Consumer advocates warn that the agency’s closure creates a dangerous vacuum in financial oversight. “Without the CFPB’s watchdog role, we’re likely to see a return to the wild west of financial services that led to the 2008 crisis,” says Delicia Hand, senior director of digital marketplace policy at Consumer Reports.

The timing of the shutdown is particularly concerning given the increasing complexity of financial products and the rise of artificial intelligence in banking services. Consumers face an increasingly sophisticated marketplace with fewer protections against abuse.

Banking industry representatives have celebrated the move, with several trade associations releasing statements praising the “reduction in regulatory burden.” However, consumer advocates point out that the CFPB’s oversight helped maintain market stability and consumer confidence in financial institutions.

“This isn’t about reducing bureaucracy—it’s about allowing powerful financial institutions to exploit consumers without consequences,” says Jeff Sovern, a consumer financial law expert at the University of Maryland Law School. “The question isn’t if consumers will be harmed, but how badly and how soon.”

While some of Trump’s government reduction efforts have garnered bipartisan support, the CFPB’s elimination stands out for its potential to damage consumer rights significantly.
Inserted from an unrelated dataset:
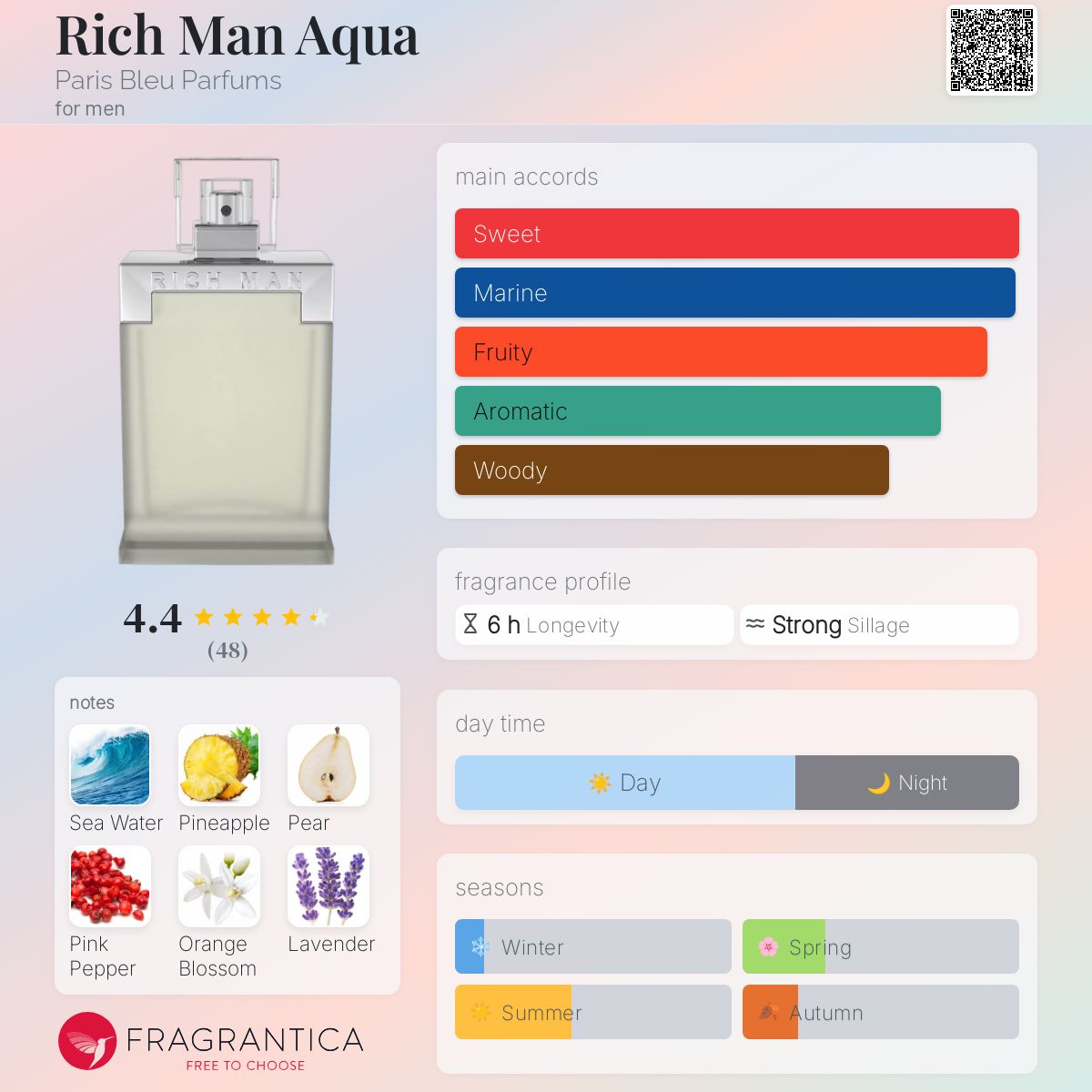 عطر ادکلن ریچ من آکوا پاری بلو پرفیوم - Rich Man Aqua Paris Bleu Parfums - بررسی، قیمت و خرید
Political analysts suggest this move could become a critical issue in the 2026 midterm elections, particularly as consumers begin to feel the impact of reduced financial protections.

States may attempt to fill the void left by the CFPB’s closure, with California, Colorado, and New York already having passed their own consumer protection legislation. However, these patchwork solutions cannot match the comprehensive national oversight previously provided by the CFPB.

As the dust settles on this dramatic weekend move, one thing remains clear: American consumers have lost their strongest advocate in the financial marketplace, and the consequences of this loss will likely reverberate through the economy for years to come.